◆ Exercise objective: What you give back from the listing below should be an exact copy of the lines from the one with "Mulco 130010 170ML" down to the one with "Mottahedeh Duke of", and it should contain no pictures.

◆ The records:

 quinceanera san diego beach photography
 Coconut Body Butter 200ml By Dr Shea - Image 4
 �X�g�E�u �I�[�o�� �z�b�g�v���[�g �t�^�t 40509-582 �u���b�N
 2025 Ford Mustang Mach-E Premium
...
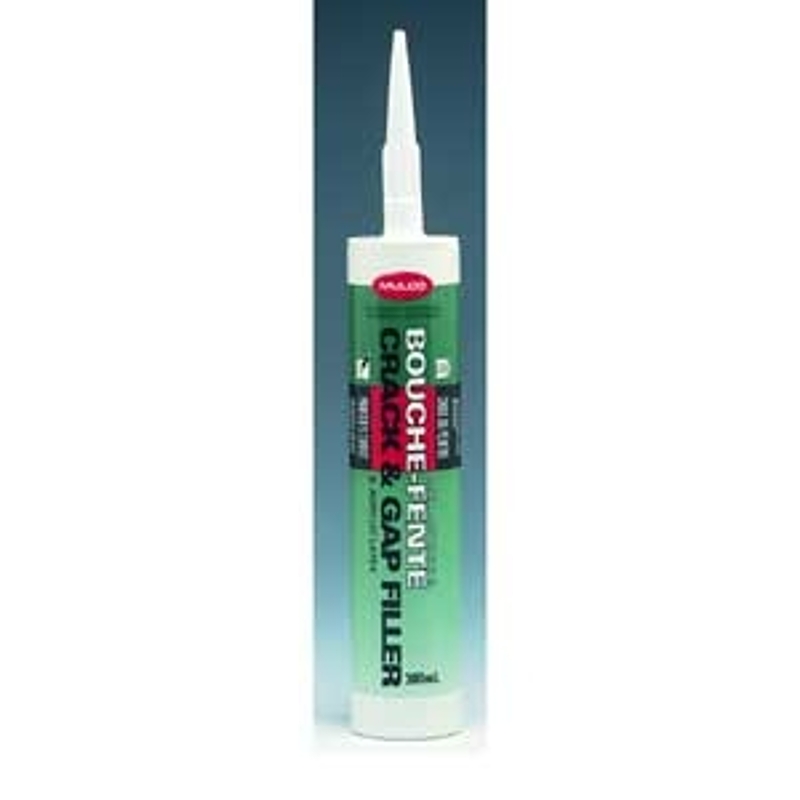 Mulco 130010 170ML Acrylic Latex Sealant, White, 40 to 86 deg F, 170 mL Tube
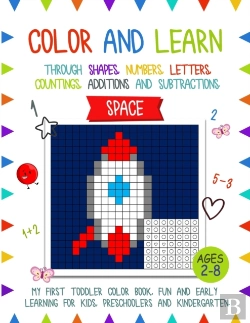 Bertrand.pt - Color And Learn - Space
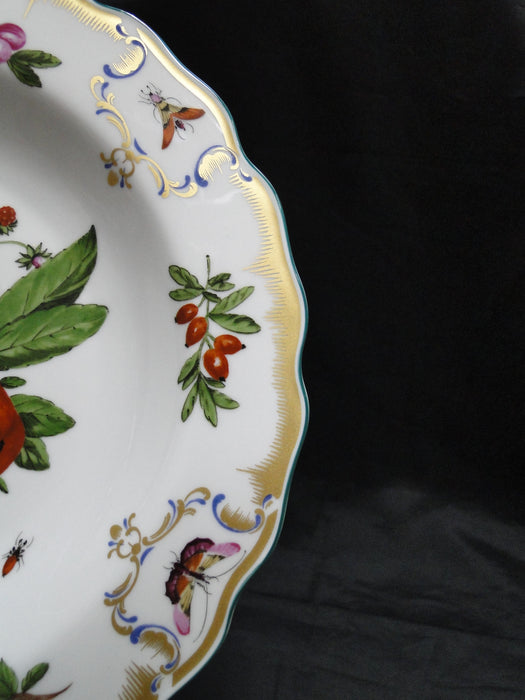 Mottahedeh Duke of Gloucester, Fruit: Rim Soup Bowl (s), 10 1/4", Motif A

◆ Solution for this problem:
 Mulco 130010 170ML Acrylic Latex Sealant, White, 40 to 86 deg F, 170 mL Tube
 Bertrand.pt - Color And Learn - Space
 Mottahedeh Duke of Gloucester, Fruit: Rim Soup Bowl (s), 10 1/4", Motif A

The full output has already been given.